I write to share the results of plans set forth during the Academic Reinvention initiative of the Magis Operational Excellence Program (MOE).  This message follows my April 27 message in which I described some specific actions and important themes.  Our goal was to maintain or improve academic excellence to create a distinctive SLU academic experience, delivered in a financially sustainable way.  We have started this journey with some important decisions and plans.

To date, academic units have committed to actions that will realize $13.3 million in value (the combination of cost reductions and new revenue) by FY 2020 -- and that’s approximately 95% of the target we were charged to achieve as part of the Academic Reinvention initiative.  Furthermore, academic units contributed significant additional savings to MOE in the organizational redesign initiative that led to the staff and administrative reductions announced by President Pestello in March.

Our progress to date is the result of several interrelated actions:

  1. We streamlined curricula and reduced faculty costs in programs with significant capacity; in doing so, we have ensured stronger, more stable enrollments in courses, and significantly reduced the number of courses with very small enrollments. From a financial standpoint, this was by far the most powerful driver of cost savings.  Nearly 80% of the roughly $10.6 million in cost-savings we will achieve by FY2020 is directly related to this effort.  About $1.5 million will come via personnel cost savings associated with the non-tenured faculty who received notices last week that their contracts will not be renewed, faculty resignations, phased retirements, contract term changes, elimination of graduate assistantships, and anticipated faculty attrition in the academic units.  We have accomplished all cost-savings under MOE without terminating any tenured faculty, and all notifications of contract non-renewal for non-tenure track faculty have been conducted in full compliance with the Faculty Manual.  The loss of faculty through non-renewal is very difficult for our academic community; we remain grateful for the hard work of all faculty, but especially the few whose positions have been eliminated and will be moving on to employment elsewhere in a year from now, or possibly sooner in some cases.
  2. We solicited proposals from the faculty and deans for new, sustainable revenue resulting from new programs or the expansion of existing programs. Examples include summer online courses in the College of Arts and Sciences and expansion of the Physician Assistant program in Doisy College of Health Sciences.  Financially, new revenue from these proposals accounts for about 20% of that of the total value of $13.3 million.
  3. In some areas, organizational re-alignments of academic programs or departments are being implemented. For example, the Center for Health Care Ethics is moving into the College of Arts and Sciences, effective July 1st.  There are others, which I highlighted in my April 27 message, and additional re-organizations are under consideration.  For example, the Aviation program, in Parks College, is developing a business plan to operate as a financially self-sustaining unit.
  4. Cost-savings related to program disestablishments account for less than 5% of the $10.6 million in projected savings identified to date.  But program disestablishment allows us to continue our efforts to streamline our academic portfolio and focus on excellence throughout.  The Faculty Senate played an instrumental role in designing the process by which programs were disestablished.  The process, shared openly with the faculty, was consistent with the Faculty Manual and reflected my commitment to shared governance.  The list of all programs affirmed by the Board of Trustees for disestablishment can be found at:  While program disestablishments are a reflection of strategic priorities, we must remain fully committed to seeing that all students enrolled in our programs are cared for through the completion of their degrees.  The deans and faculty will connect with students to assure them that teach-out plans of program disestablishments will meet their needs without compromising rigor or academic quality.  There are 47 undergraduate and 28 graduate students currently enrolled in programs to be closed over the next few years.

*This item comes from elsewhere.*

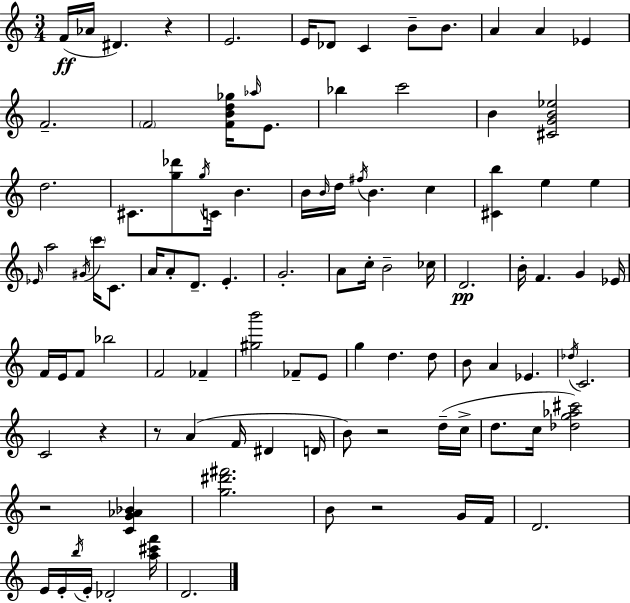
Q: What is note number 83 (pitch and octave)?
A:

It is important to understand these transformational decisions in the context of one of our top priorities for the University:  investing in and supporting faculty and staff.  Even though we have not yet achieved a surplus via our MOE efforts, Dr. Pestello and the Board are evidencing their good faith commitment to investing in our people by using annual savings from MOE for compensation increases for faculty and staff in the upcoming fiscal year.  Dr. Pestello recently announced the Board’s approval of a budget for FY2018 that includes just over $450,000 for faculty rank and tenure promotions, as well as an additional 2% increase in the total pool of compensation available for faculty and staff.   

For FY2018, the 2% compensation pool is comprised of the following:

  1. 1% merit pool for faculty and staff to be distributed based upon performance, and
  2. An additional 1% for:
  • Faculty and staff who are most contributing to advancing priorities in our strategic plan.
  • Faculty most at variance to market or peers (as identified by the Gender Equity Task Force and other compensation data).

The deans and I have agreed to allocate these pools of money for faculty according to the following guidelines: 

  1. Raise base salaries of meritorious faculty with a fixed dollar amount (rather than a percent increase).
  2. Raise base salaries of faculty with the largest gap between their current actual salaries and their predicted salaries as identified in the Gender Equity Task Force Report and other compensation data.
  3. Cover all increases for rank and/or tenure per the same standards used in prior years (5-10% increases in base salary depending on the type of promotion).

Staff performance increases will be determined based upon evaluation of individual performance by each dean or unit vice president.   Additionally, none of the above applies to the School of Medicine or SLUCare, both of which will be addressed separately by Vice President and Dean Kevin Behrns.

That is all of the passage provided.